I can still remember my first Christmas abroad. My husband and I had arrived in Thailand only a few months before. That year, we had managed to find a tree to decorate. We woke up on Christmas morning to open our gifts from one another along with a small box from his sister. His parents had mailed a package to us weeks before, but it was still in transit somewhere amongst the miles.
It was definitely a quieter Christmas…our first year away from home. There was no family circle and no smells of turkey wafting from the kitchen…just my husband, me and our little Christmas tree.
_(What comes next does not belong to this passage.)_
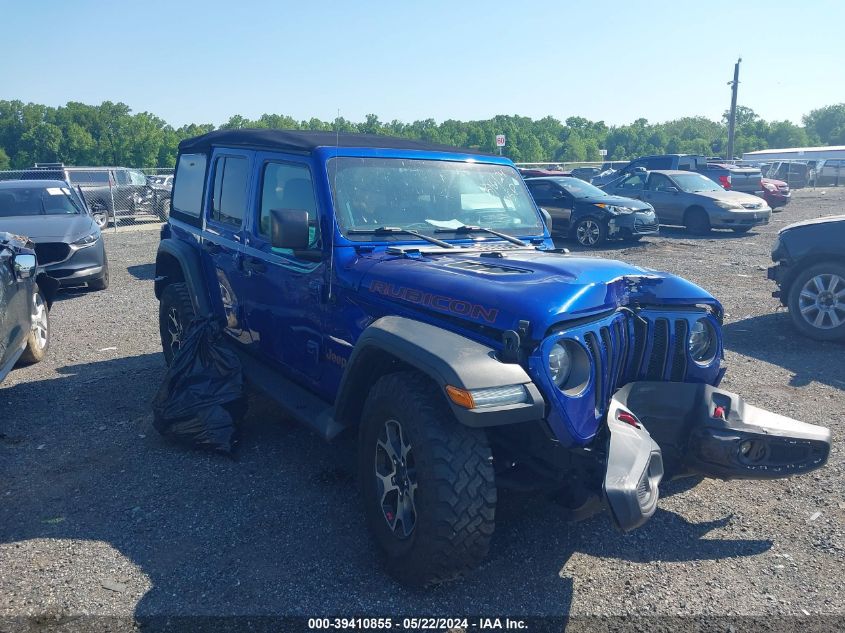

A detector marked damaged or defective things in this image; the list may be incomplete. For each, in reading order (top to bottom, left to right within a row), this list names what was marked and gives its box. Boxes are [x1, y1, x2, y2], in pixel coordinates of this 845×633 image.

detached bumper piece [600, 380, 832, 532]
damaged front bumper [600, 382, 832, 532]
Of course, we got a lot better at doing Christmas away from “home” as the years passed. In fact, just one year after that first quiet Christmas in Thailand we had a brand new baby who royally christened that little tree and his Mema who was changing him. Yep, just one year later we had family and a baby to share the holiday with us.
What a difference one year makes!
For to us a child is born,
to us a son is given,
and the government will be on his shoulders.
And he will be called
Wonderful Counselor, Mighty God,
Everlasting Father, Prince of Peace.
I guess this year brings back memories of that first Christmas away from home and that little tree. Although Christmas is only a few weeks away, my calendar is not filled with the parties or festive programs that I’ve come to expect during the holiday season.
This year will be a quieter Christmas. But what a difference one year can make!
Yes, it’s different, but my heart is encouraged and comforted to know that Jesus is my reason for celebration all year long. He invests my life with meaning and purpose, whether I’m alone or in a crowd. In fact, I believe I can hear his voice clearer when it’s not drowned out by festive celebrations.
I know we’ll have big celebrations again in the future, but for now…Jesus is enough for me.